TASK INSTRUCTIONS —
From the records below, take each line where the string "table" shows up and copy it.

INFORMATION —
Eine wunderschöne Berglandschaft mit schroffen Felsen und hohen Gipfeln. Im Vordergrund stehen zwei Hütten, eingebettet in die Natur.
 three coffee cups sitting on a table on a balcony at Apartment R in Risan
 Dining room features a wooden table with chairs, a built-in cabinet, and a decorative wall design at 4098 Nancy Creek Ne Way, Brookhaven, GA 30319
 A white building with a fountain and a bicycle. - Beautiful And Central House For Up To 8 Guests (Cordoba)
==
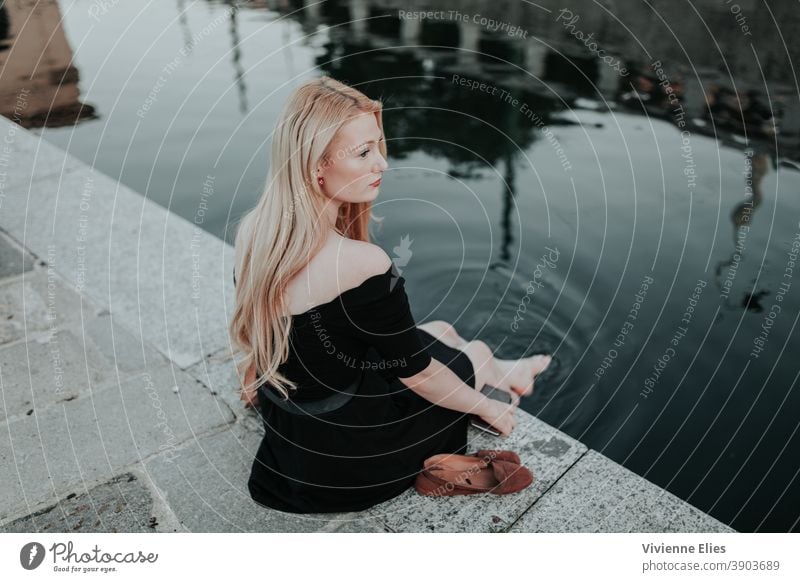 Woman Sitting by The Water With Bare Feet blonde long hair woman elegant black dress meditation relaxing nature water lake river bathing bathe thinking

OUTPUT —
 three coffee cups sitting on a table on a balcony at Apartment R in Risan
 Dining room features a wooden table with chairs, a built-in cabinet, and a decorative wall design at 4098 Nancy Creek Ne Way, Brookhaven, GA 30319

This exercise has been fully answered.